NARRATOR: Burgoyne Diller was one of the most rigorously abstract painters working in the United States during the 1930s. Curator Barbara Haskell.
BARBARAHASKELL: In this painting called First Theme from 1938, what he has presented is a white square, a white rectangle, which is the largest form against this black field, and then a very small red rectangle in the lower right hand corner. Red being a color which is seen as coming out at you, as being sort of bold and aggressive and coming into our space. Yellow is a more recessive color, which seems to sort of retreat into space. So that this relationship between the yellow and the red, it almost sets up a dialogue with each other on the right-hand side of the canvas, which is then balanced by this white, large rectangle on the left. So what you have is this almost back-and-forth dialogue between these dialogues, which are then held in place.
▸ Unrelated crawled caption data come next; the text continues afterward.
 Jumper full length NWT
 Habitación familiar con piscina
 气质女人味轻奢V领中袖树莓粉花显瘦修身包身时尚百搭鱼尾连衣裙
Not one of the rectangles ends up dominating the other, but you have this oscillation back and forth, which creates this tension across the surface of the canvas.
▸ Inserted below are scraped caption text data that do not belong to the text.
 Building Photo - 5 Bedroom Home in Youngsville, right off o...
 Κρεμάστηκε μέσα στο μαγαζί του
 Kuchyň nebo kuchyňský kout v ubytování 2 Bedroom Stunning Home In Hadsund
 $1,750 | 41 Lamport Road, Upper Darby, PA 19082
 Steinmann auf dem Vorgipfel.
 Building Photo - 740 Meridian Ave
There’s a kind of syncopated energy that these canvases have, but at the same time they’re these harmonious, unified almost static, obdurate objects.
NARRATOR: Diller believed that these aesthetic characteristics could have a positive impact on society.
BARBARAHASKELL: He had a great belief in the ability of art to transcend ethnic divisions, racial, economic divisions, and create this sort of symbol of pure harmony, of disparate things coming together into a unity.